Your approach doesn't change that, and hence leaves most of the performance problems in place: It still wastes some time and space (only on additional arguments and branches, rather than vtable lookups), it doesn't permit inlining or other optimizations, and it doesn't remove indirect calls.
Re 2: It's kind of an interprocedural spin on devirtualization, which C++ compilers already do to some degree (locally, with limitations as described by @us2012 in the comments). There are a few "minor" problems with it, but it may be worth it if applied selectively. Otherwise, you generate a lot more code, pass a lot of additional arguments, do a lot of extra branches, and only gain very little or even a net loss.
I assume the main issue is that it doesn't solve most of the performance issues described above. Generating specialized functions (rather than one generic body) for subclasses, and other variations of the same theme, may help with that. But that generates additional code that has to justify itself with performance gains, and the general consensus is that such aggressive optimizations aren't worth it for most code even in performance-critial programs.

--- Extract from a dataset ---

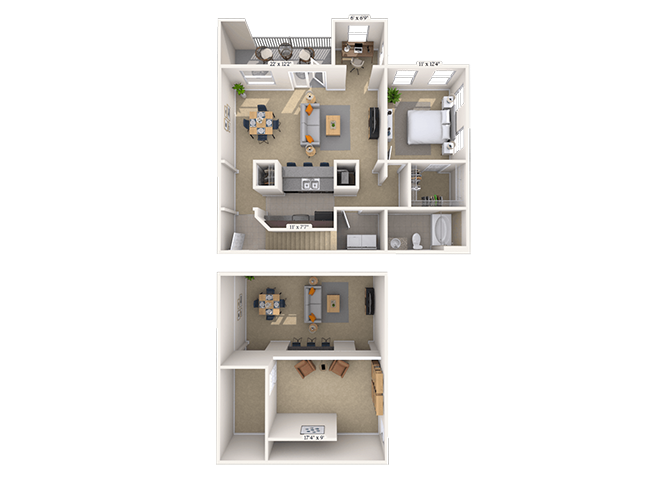 Floor plan for 1 bed, 1 bath, 1260 sqft
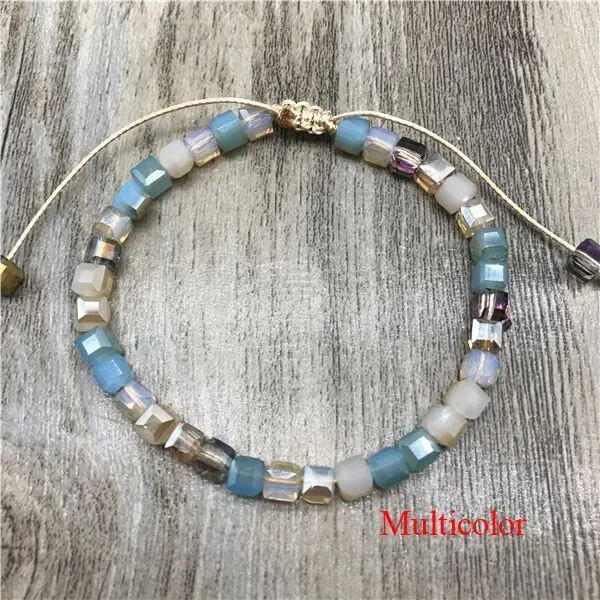 Multicolor Квадратный Кристальный бисерный браслет из ярких бусин для женщин богемный консервативный стиль - Окраска металла: Multicolor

In particular, virtual call overhead only matters in benchmarks of that very same feature, or if you already optimized the ever-loving hell out of everything else and would need a huge lot of tiny indirect calls (an example from game development: Several virtual method calls per geometrical object for drawing or frustum culling). In most code, the virtual calls don't matter, or at least not enough to warrant further optimization attempts. In addition, this is only relevant for AOT compilers, as JIT compilers have other ways of dealing with these problems. Look up polymorphic inline caches, and note that tracing JIT compilers can trivially inline all calls, virtual or not.
In summary: vtables are already a fast and general way to implement virtual functions (if they can be used, which is the case here). It's unlikely you're be able to improve much on them, let alone notice the improvement, except perhaps in some rare cases. If you want to try it though, you could try writing an LLVM pass that does something like this (though you'd have to work on a lower level of abstraction).